The meeting will be a little shorter than usual to accommodate trustees who want to participate in the weekend’s activities. Trustees will meet in subcommittees today and will have a full board meeting Friday morning.

Several of the 16 trustees will be leading panel discussions over the weekend. Trustee Janet Yellen GRD ’71 will be speaking alongside Yale President Richard Levin and former Treasury Secretary Robert Rubin LAW ’64 on a panel titled “Creating Economic Prosperity” Friday afternoon. Corporation spokesperson and former Baltimore mayor Kurt Schmoke ’71 will speak on a panel about Yale’s involvement in the invention of the modern game of football. Journalist and trustee David Gergen ’63 will interview Palm Pilot inventor Donna Dubinsky ’77 on Saturday morning. Trustees Linda Mason ’80 and John Pepper ’60 will speak on a panel together about educating business leaders. Trustee Victoria Matthews DIV ’79 will lead religious services on Sunday morning.

Pepper said he is looking forward to hearing some of the weekend’s headliners.

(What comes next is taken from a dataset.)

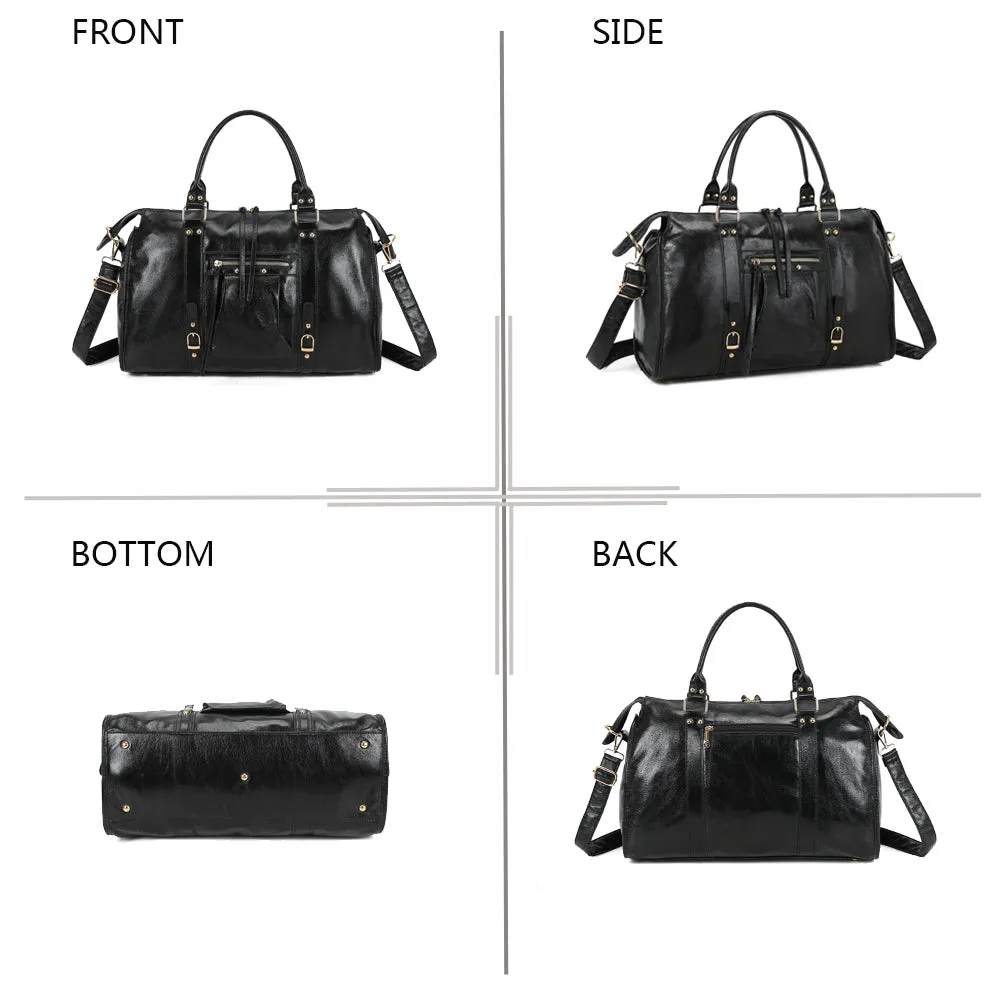 Gallantry Paris Skyla XL sac voyage argenté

“I’m excited to hear Jonathan Spence. I’m really interested in China,” Pepper said. “And [George H. W.] Bush is going to be there; it’s going to be quite a weekend.”

Bush will speak on Saturday afternoon about “Yale and Public Service.”

Yellen, the former chair of the President’s Council of Economic Advisors, said she is very excited to speak this weekend and that this will be the only the second time she has spoken formally at Yale.

While many of the 16 trustees will be actively participating in these weekend’s events, those who are not will be informally hosting all the attendees. Levin said the trustees, just like the University officers, will be scattered at different tables on the Saturday night gala dinner in the Lanman Center.

With nearly 2,000 alumni descending upon campus this weekend, officers and trustees said they are more focused on the celebration than the routine Corporation meeting.

“I have six different speeches to give,” Levin said. “I’m just trying to remember what to say when.”